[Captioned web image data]

========================

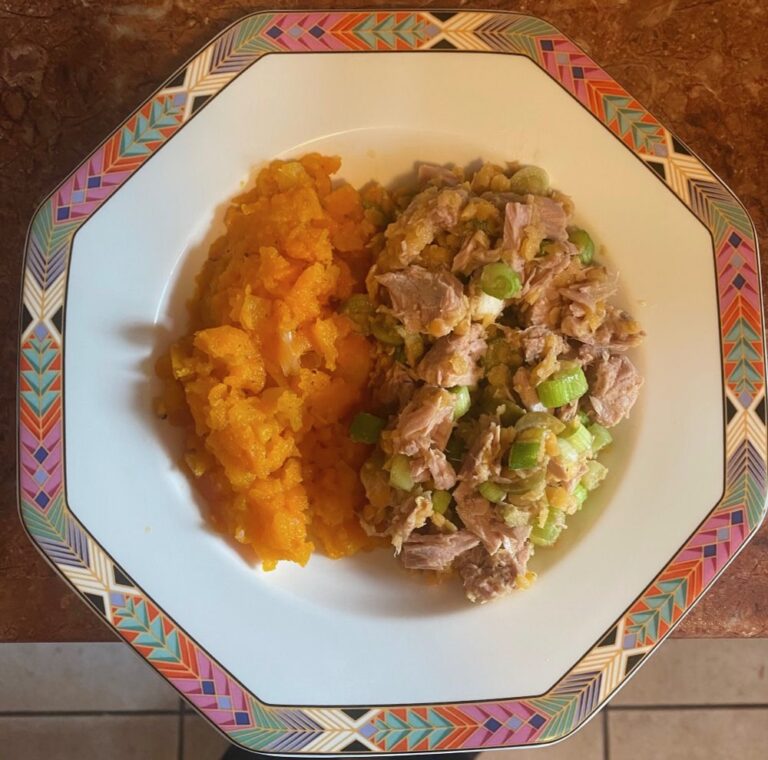 Linsen mit Thunfisch und Möhrenstampf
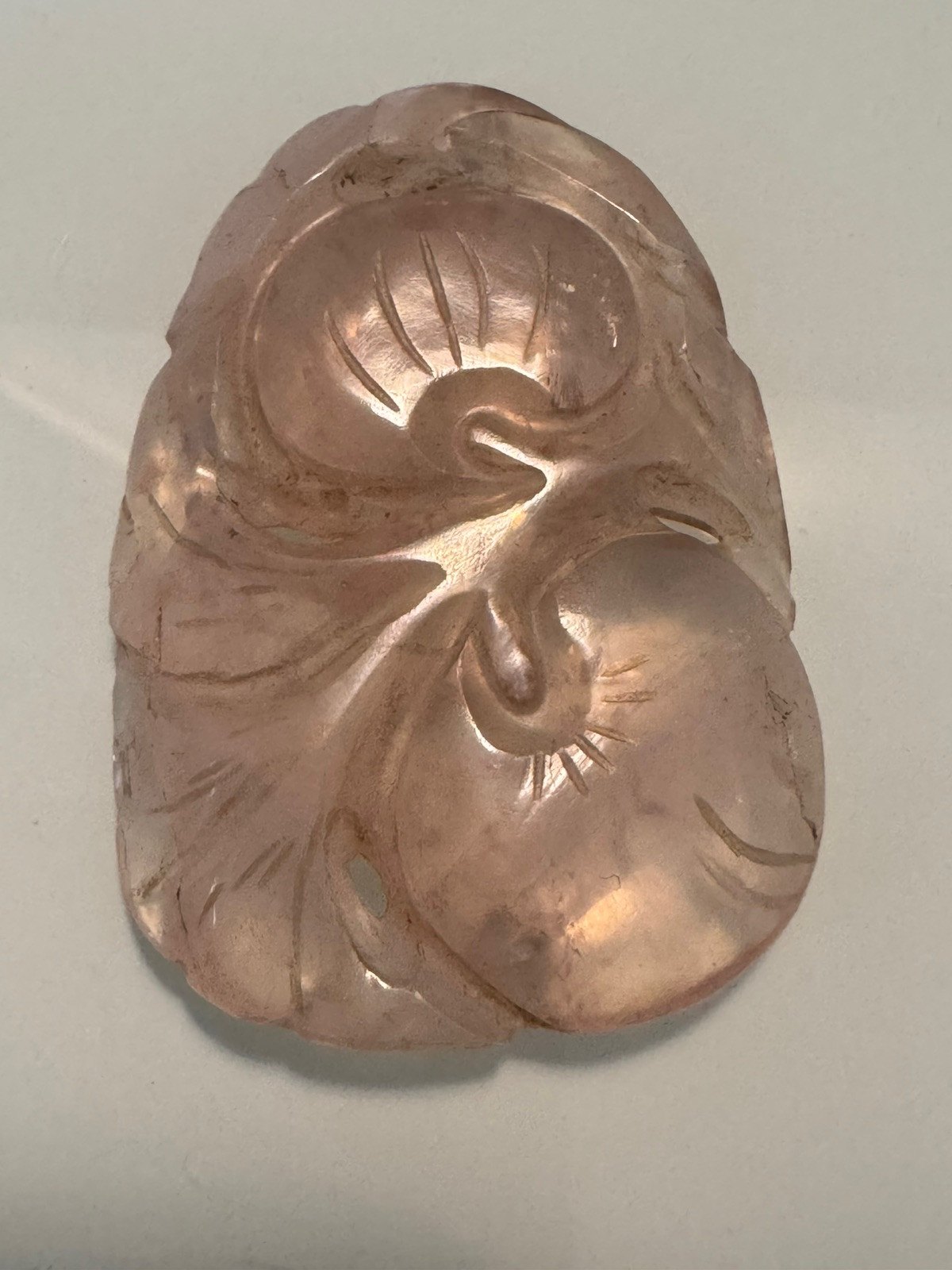 Vintage Hand Carved Top Grade Rose Quartz Chinese Themed Fruits & Leaves Pendant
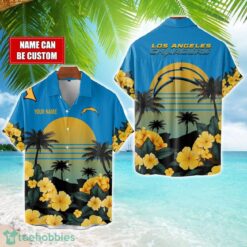 Los Angeles Chargers NFL Team Hawaiian Shirt And Shorts Floral Beach Pattern Custom Name Product Photo 1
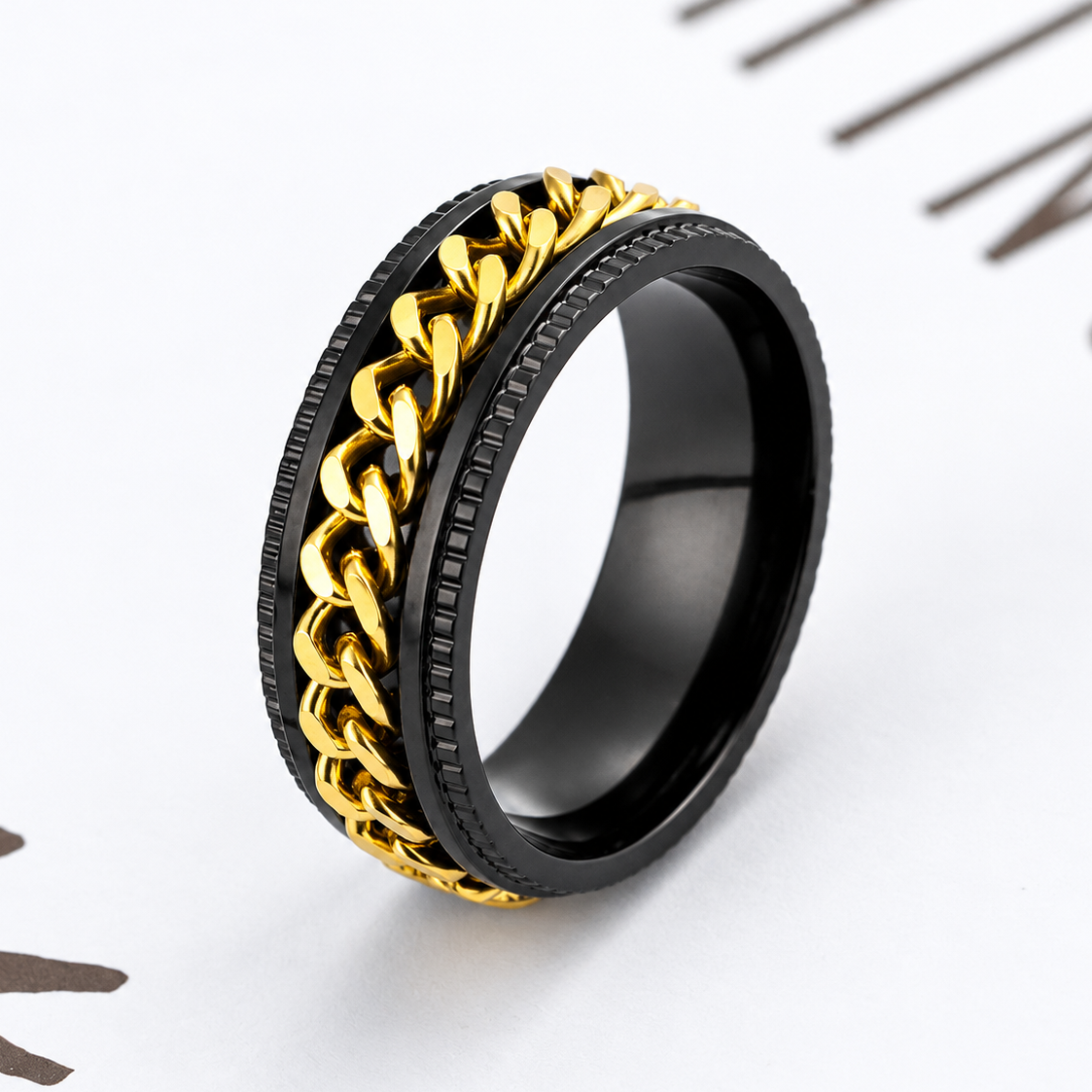 Bague anti-stress à anneau tournant Blackchaine doré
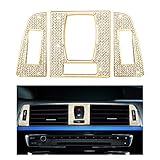  VDARK Zubehörteile AC Klimaanlage Knöpfe Abziehbilder Aufkleber Bling Innendekoration Compatible with BMW 2 3 4 Serie M2 M3 M4 F22 F30 F30 G20 F32 F87 F80 F82 F83 xDrive AWD Kristall (Gold)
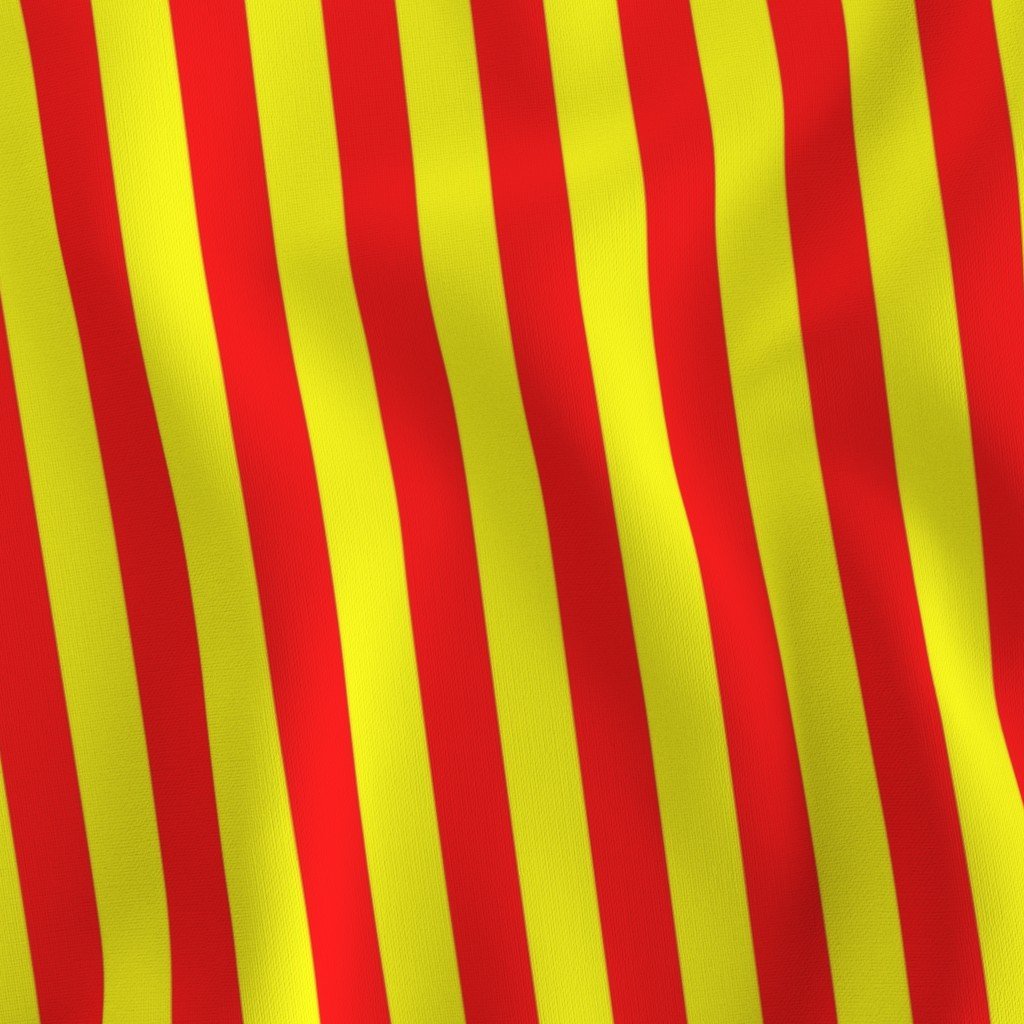 One Inch Vertical Red and Yellow School Colors Stripes Fabric red yellow stripe fabric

========================

* _WHAT TO WORK ON_
Look for the line that contains "Vintage Hand Carved", then please copy it and the rest of the lines through the end of the data, pictures excluded.

* _RESPONSE TO THIS EXERCISE_
 Vintage Hand Carved Top Grade Rose Quartz Chinese Themed Fruits & Leaves Pendant
 Los Angeles Chargers NFL Team Hawaiian Shirt And Shorts Floral Beach Pattern Custom Name Product Photo 1
 Bague anti-stress à anneau tournant Blackchaine doré
  VDARK Zubehörteile AC Klimaanlage Knöpfe Abziehbilder Aufkleber Bling Innendekoration Compatible with BMW 2 3 4 Serie M2 M3 M4 F22 F30 F30 G20 F32 F87 F80 F82 F83 xDrive AWD Kristall (Gold)
 One Inch Vertical Red and Yellow School Colors Stripes Fabric red yellow stripe fabric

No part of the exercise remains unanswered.